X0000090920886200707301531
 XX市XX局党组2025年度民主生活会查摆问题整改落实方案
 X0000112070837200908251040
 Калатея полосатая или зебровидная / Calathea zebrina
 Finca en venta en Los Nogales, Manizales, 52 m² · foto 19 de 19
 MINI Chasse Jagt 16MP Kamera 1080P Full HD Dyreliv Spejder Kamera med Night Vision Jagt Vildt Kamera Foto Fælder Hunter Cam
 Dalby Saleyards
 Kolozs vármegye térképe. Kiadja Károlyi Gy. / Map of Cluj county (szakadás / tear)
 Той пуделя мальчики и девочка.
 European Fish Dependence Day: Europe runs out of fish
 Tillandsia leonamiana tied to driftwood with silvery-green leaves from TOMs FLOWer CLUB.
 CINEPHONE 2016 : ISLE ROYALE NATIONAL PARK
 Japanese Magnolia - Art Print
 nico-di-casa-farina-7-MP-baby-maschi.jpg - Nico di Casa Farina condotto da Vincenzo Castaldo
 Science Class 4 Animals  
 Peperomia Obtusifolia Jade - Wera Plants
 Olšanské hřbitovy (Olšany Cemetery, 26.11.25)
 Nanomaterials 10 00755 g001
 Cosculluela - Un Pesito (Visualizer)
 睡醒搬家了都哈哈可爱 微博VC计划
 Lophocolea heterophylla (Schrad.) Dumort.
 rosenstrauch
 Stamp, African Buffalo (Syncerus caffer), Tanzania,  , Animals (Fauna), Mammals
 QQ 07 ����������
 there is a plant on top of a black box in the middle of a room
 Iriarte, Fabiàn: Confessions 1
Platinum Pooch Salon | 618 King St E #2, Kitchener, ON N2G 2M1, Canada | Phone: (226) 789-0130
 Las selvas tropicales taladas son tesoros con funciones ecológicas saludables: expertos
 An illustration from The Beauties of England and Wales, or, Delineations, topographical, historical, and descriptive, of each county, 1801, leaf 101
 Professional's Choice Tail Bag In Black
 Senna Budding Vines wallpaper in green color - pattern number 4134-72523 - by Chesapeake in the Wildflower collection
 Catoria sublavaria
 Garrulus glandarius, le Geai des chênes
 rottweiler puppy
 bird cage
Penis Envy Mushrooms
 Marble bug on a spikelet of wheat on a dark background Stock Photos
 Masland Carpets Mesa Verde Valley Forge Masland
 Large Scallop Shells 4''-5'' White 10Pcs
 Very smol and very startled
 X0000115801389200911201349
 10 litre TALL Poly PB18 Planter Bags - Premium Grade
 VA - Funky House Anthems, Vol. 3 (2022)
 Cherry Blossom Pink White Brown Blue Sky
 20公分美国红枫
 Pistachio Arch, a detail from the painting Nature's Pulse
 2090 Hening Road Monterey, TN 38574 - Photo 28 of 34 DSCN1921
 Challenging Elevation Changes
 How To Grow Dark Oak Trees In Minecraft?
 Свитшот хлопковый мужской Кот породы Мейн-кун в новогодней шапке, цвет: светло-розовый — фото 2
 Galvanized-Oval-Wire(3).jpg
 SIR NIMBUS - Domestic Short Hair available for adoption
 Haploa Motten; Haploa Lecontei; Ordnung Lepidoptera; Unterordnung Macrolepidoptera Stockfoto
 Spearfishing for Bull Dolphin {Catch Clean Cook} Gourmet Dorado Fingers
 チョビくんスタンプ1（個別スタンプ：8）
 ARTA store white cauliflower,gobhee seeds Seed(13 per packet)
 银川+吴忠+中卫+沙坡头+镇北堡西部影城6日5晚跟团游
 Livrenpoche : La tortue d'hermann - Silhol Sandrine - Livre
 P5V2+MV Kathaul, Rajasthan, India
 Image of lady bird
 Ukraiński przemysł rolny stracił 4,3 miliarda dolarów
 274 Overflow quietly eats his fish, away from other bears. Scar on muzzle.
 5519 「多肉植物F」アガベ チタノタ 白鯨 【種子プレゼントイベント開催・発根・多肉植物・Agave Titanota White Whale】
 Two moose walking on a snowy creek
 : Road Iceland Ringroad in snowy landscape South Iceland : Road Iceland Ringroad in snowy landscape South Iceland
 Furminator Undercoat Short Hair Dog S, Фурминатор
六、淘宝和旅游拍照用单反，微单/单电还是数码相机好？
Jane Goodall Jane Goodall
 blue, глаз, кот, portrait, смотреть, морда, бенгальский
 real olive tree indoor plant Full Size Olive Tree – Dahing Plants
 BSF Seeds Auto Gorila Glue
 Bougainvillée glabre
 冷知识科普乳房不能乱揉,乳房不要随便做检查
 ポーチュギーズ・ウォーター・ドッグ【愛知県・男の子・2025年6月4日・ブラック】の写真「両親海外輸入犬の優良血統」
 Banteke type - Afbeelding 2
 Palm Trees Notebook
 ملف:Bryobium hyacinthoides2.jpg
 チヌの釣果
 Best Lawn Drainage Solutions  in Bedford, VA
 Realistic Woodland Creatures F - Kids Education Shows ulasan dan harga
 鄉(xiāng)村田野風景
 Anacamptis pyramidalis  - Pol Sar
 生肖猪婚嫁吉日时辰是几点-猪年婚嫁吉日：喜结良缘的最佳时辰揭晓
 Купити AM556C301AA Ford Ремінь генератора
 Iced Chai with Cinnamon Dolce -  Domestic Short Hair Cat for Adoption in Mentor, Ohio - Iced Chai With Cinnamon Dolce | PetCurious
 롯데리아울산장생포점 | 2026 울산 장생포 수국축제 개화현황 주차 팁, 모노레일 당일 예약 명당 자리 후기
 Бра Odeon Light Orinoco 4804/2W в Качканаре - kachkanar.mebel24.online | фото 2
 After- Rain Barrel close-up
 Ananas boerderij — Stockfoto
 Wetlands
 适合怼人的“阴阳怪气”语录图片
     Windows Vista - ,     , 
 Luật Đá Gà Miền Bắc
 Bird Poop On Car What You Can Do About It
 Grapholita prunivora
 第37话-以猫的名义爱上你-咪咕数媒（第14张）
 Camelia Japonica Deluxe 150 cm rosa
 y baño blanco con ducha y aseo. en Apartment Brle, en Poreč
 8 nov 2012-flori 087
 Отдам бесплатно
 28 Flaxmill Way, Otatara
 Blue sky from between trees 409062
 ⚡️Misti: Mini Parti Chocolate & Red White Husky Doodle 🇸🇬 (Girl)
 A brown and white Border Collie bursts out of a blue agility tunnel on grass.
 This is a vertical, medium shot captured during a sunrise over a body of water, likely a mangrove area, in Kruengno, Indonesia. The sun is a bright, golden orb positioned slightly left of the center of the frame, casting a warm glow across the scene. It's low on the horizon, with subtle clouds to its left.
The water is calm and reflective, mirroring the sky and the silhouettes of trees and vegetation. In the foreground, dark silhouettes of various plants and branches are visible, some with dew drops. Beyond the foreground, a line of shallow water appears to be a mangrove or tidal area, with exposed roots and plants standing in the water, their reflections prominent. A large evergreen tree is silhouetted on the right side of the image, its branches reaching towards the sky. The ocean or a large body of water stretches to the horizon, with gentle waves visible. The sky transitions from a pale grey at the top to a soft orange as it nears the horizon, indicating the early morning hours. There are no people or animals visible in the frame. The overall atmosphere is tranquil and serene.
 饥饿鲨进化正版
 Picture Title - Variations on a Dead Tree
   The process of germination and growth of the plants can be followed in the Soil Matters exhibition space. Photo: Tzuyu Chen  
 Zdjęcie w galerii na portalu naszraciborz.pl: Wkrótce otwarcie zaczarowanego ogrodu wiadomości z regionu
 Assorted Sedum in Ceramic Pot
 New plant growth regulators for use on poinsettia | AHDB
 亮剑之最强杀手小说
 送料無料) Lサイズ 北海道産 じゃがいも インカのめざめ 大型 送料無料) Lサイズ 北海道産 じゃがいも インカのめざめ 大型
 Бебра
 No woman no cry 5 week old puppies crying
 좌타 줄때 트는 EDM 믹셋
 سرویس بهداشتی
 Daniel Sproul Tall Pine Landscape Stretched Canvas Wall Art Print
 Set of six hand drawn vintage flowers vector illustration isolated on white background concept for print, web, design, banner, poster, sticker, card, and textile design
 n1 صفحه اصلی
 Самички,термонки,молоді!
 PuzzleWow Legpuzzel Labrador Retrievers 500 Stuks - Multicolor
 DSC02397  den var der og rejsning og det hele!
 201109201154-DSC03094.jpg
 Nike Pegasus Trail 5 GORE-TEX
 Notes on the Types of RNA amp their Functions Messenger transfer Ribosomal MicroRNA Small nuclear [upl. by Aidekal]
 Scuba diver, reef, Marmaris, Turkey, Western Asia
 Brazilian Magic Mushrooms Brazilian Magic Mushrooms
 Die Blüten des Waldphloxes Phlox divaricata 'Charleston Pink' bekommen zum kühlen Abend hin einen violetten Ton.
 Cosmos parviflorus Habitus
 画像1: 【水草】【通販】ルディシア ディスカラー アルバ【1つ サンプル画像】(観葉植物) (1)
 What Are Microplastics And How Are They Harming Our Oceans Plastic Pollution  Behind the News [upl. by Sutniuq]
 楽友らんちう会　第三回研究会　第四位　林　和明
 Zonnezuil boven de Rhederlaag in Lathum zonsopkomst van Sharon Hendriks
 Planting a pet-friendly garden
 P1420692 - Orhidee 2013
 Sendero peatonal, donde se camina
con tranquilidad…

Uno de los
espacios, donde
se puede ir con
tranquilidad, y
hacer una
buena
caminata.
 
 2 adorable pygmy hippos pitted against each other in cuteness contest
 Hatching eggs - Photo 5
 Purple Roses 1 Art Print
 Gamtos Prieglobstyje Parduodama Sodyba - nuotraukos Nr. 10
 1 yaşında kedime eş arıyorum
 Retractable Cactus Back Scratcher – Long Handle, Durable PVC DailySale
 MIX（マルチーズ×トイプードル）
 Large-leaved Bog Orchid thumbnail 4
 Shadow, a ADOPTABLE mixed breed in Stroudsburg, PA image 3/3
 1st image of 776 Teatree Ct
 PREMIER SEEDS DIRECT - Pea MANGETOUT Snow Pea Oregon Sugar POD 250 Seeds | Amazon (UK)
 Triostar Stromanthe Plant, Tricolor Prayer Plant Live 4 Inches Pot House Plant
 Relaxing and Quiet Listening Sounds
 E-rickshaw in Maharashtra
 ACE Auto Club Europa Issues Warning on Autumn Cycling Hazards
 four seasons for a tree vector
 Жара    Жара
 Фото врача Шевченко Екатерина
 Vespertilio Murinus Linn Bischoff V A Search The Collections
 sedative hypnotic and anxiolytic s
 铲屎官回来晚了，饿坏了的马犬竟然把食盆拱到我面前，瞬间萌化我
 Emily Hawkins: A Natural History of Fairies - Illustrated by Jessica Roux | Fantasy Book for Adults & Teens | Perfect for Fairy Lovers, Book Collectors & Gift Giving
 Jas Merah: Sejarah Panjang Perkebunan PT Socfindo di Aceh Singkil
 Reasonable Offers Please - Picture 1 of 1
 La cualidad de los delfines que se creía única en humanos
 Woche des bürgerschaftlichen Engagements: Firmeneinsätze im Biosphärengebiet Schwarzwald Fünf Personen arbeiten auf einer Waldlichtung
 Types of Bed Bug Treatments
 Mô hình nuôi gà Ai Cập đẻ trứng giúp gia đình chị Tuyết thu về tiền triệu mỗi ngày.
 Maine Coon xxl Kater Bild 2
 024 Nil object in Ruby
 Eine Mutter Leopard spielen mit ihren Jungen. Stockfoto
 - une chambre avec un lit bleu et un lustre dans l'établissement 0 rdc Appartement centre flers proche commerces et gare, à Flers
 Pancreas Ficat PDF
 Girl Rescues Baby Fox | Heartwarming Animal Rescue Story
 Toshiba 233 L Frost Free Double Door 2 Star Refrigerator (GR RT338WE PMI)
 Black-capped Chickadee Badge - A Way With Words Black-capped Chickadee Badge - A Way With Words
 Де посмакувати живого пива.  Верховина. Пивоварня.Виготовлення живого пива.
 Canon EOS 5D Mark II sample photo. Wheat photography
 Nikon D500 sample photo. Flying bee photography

▬▬▬

### [Try it]
The required answer is the exact run of lines above starting at the line with "Grapholita prunivora" and ending at the line with "This is a vertical, medium", with both ends present.

### [Expected answer]
 Grapholita prunivora
 第37话-以猫的名义爱上你-咪咕数媒（第14张）
 Camelia Japonica Deluxe 150 cm rosa
 y baño blanco con ducha y aseo. en Apartment Brle, en Poreč
 8 nov 2012-flori 087
 Отдам бесплатно
 28 Flaxmill Way, Otatara
 Blue sky from between trees 409062
 ⚡️Misti: Mini Parti Chocolate & Red White Husky Doodle 🇸🇬 (Girl)
 A brown and white Border Collie bursts out of a blue agility tunnel on grass.
 This is a vertical, medium shot captured during a sunrise over a body of water, likely a mangrove area, in Kruengno, Indonesia. The sun is a bright, golden orb positioned slightly left of the center of the frame, casting a warm glow across the scene. It's low on the horizon, with subtle clouds to its left.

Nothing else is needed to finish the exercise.